The team used typical design representations and practices to communicate their ideas and to create new knowledge as well as store it. External sources of inspiration and information were used mostly in the framing phase. Towards the end, the team naturally created more of their own representations and the use of shared representations increased. In the team’s process, the shared representations were the document of collected ideas, sketches, and the sketch model. However, the drawn sketches played a surprisingly small role in the idea generation in the sense of shared objects among the team. The sketches were mostly shared in pairs, first when the flexible round form ideas of the fitting room were generated and second when the technical structure of the fitting room was developed. The DATEMATS Material integration cards for EM&T’s integration served the team quite well. However, it became obvious that the students could not understand all the examples thoroughly enough and did not have time to explore them in more depth. Due to these restrictions, the team chose realistic ideas instead of pursuing more speculative visions.
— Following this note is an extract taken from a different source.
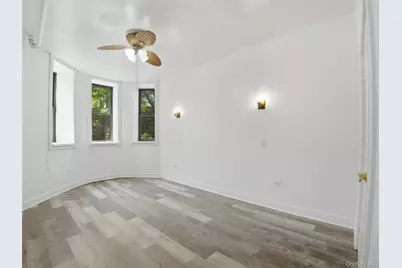 762 Brady Avenue #Ground, Bronx, NY 10462 - Photo 9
The results highlight that understanding the material or the material’s imagined features is an important part of the process, even when not concretely present. This became evident as the team worked with impartial knowledge of the materials. They had no real panel material at all, and the cellulose leather samples were not ready until the middle of the workshop. These samples were vital. They worked as a source of inspiration, and flexibility triggering important insights. Joint material practice emerged in a material demonstration and followed in the form of the small-scale sketch model of a mobile fitting room. The material samples and the first sketch model were central for communicating the materiality of the concept idea to the peers, tutors, and the company.

We conclude that this type of short workshop is most suitable for senior students who already master the design process quite well. Although it cannot provide an exploratory process of developing one’s own recipes and materials (see Laamanen and Kääriäinen, accepted) it could work as an introduction to making and using experimental cellulose materials in the design process. According to the feedback collected, the students greatly enjoyed the making part; it was new to them. They said that they had not known, for example, that colour can be derived from plants. The use of self-made material and the goal of integrating several technologies of course brought new perspectives to the design process. It was a challenge that differed from normally encountered problems and whose outcomes were not predictable, even for the teachers. These types of tasks often simulate a sense of inquiry and curiosity in the learner (Garner and Evans 2015, 73), hopefully leaving an impactful trace in the memory and an interest to continue working in the field of developing sustainable materials.